About a week ago today one of our toilets started backing up, again. We called a plumbing company, big, name brand, and arranged to have some guys show up on Saturday. We knew it was going to cost at least $800 and probably $2000, because there would be digging involved.
So Saturday morning, about 3 hours late, we got a call from the dispatcher asking if we wouldn't mind rescheduling on Sunday. We insisted that we would, in fact, mind. And an hour later (or half an hour after they said) a couple of men arrived. One scrambled on the roof, to operate the endoscopy camera. It's not really an endoscopy but the term is descriptive enough.
No, it's not scary yet.
So we locked the dogs in our pool area, to keep them from annoying the plumbers and escaping through the side gate.
After a few hours the plumbers told us they were going to have to saw through the concrete outside our bedroom, dig a hole and cut into the pipe, and install a clear-out access point. They would come out at nine on Sunday. It would probably cost 2k.
Still not the scary part. Don't worry, it's coming.
So about 10:45am, the plumbers arrived and started jackhammering our back yard. The dogs, locked in the pool area, were circling around the pool, barking at the neighbors, the usual stuff. Lobo, the dumb-as-a-post shepherd, started digging under the shrubs abutting the garage.
The plumbers stopped. We have a three-inch pipe, not the four-inch that they thought, and they'd need different tools. They'd go to the shop, pick them up (if they were there) and finish up later that day.
Here it comes.
While the plumbers were gone, we let the dogs out from the pool area, and lobo immediately started digging into a hole under the pool steps. It was apparently connected to the hole on the other side of the fence that he had been working earlier. I started hearing little squeals. Lobo kept thrusting his paw deep into the hole.
It was then that I noticed a cute, pink little baby mouse, screaming his tiny pointy head off; wriggling in the dirt just under Lobo. But only for a second, because in the next instant the mouse was trapped within Dogulous' powerful jaws. Still screaming like David "Al" Hedison in THE FLY.
Ellen came out the back door and I managed to divert her attention before she saw Dogulous with a tail and a leg wiggling around the front of her mouth. And before the next little baby mouse met the exact same fate. And the third. It appears that Lobo was pulling them out of the nest and Dogulous was taking care of the spoils. The Living Spoils.
It was like a miniature Darfur.
Look, I know this kind of thing goes on all the time in the back yard, usually at night. I just haven't ever been around to SEE it. Now I can't look Dogulous in her big brown eyes without seeing that tail whipping around, just before sliding down her throat, where the hapless mouse will meet his brothers and sisters just before stomach acids mercifully end their brief marsupial lives. I tell ya, I'm going to need therapy.
Oh, and reportedly the plumbers are finishing up the job this afternoon.
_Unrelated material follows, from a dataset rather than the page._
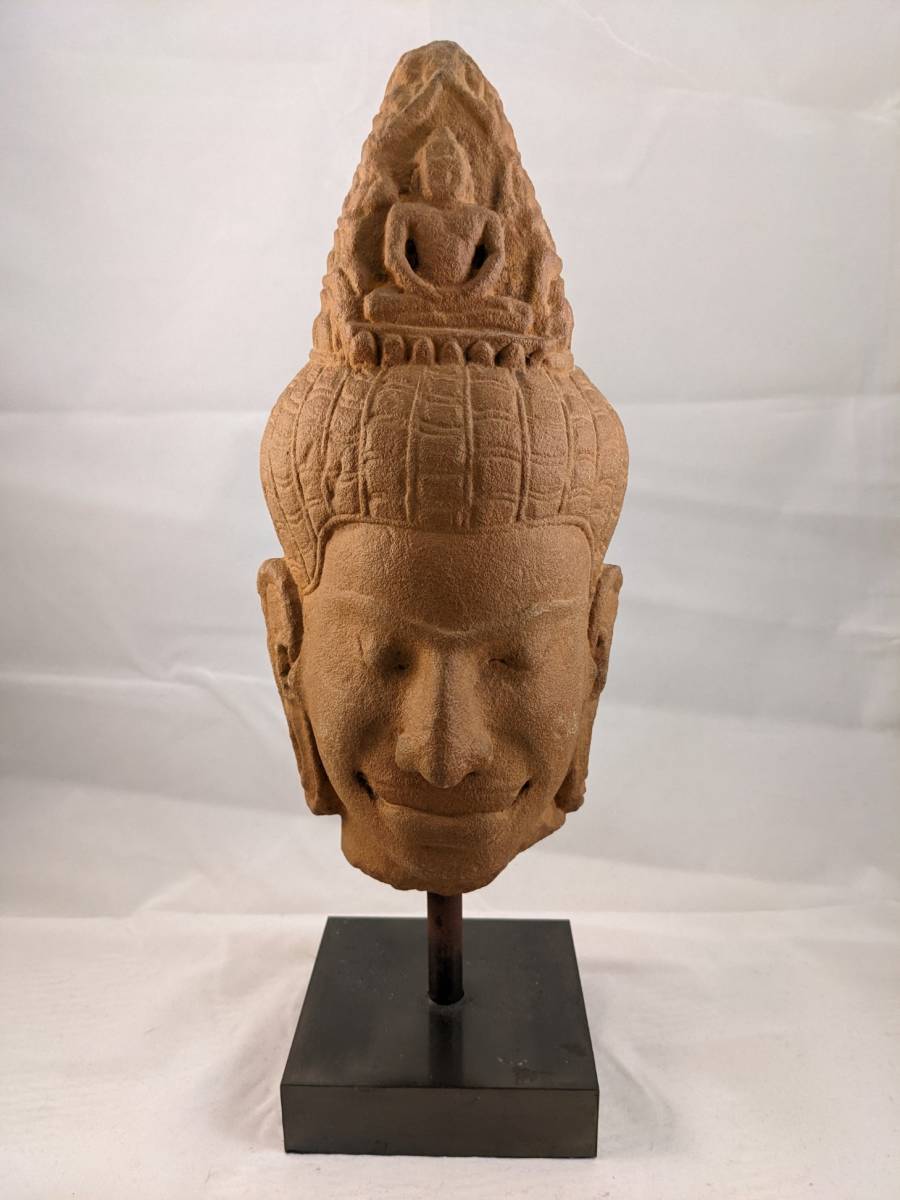 石彫仏頭 カンボジア) ヒンドゥー教 石像 クメール文様 クメール王朝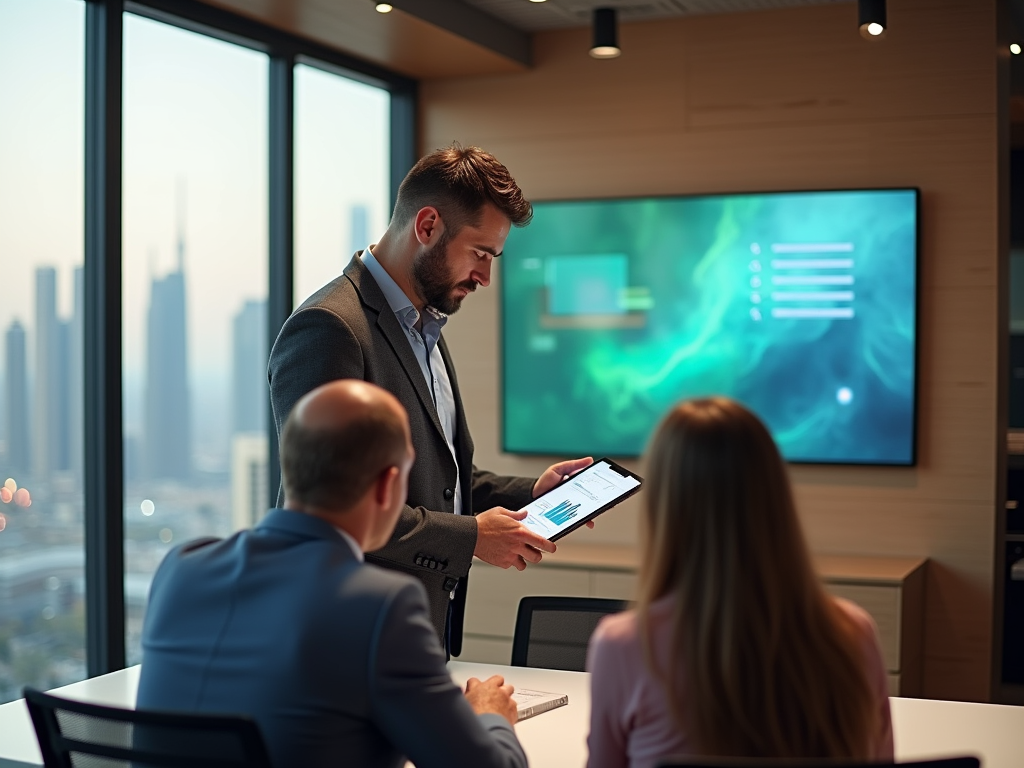 Business meeting with a man showing a tablet to colleagues in a high-rise office.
Wednesday, October 25, 2006

Weird Medicine

A little further down, more thoughts about Rush Limbaugh and Michael J. Fox, the phony twitching Democrat.

But first, Scott "Dilbert" Adams news. Adams' blog yesterday was about his recovering the ability to speak. About 18 months ago he had succumbed to a rare brain disorder which blocks speech. In Adams' case, he was unable to form words in normal conversation, though he was able to speak publicly. In fact, he was refusing a treatment which would have made it possible to talk to his family because it would have weakened his voice on the lecture circuit. Personally, I'd make that trade in a heartbeat.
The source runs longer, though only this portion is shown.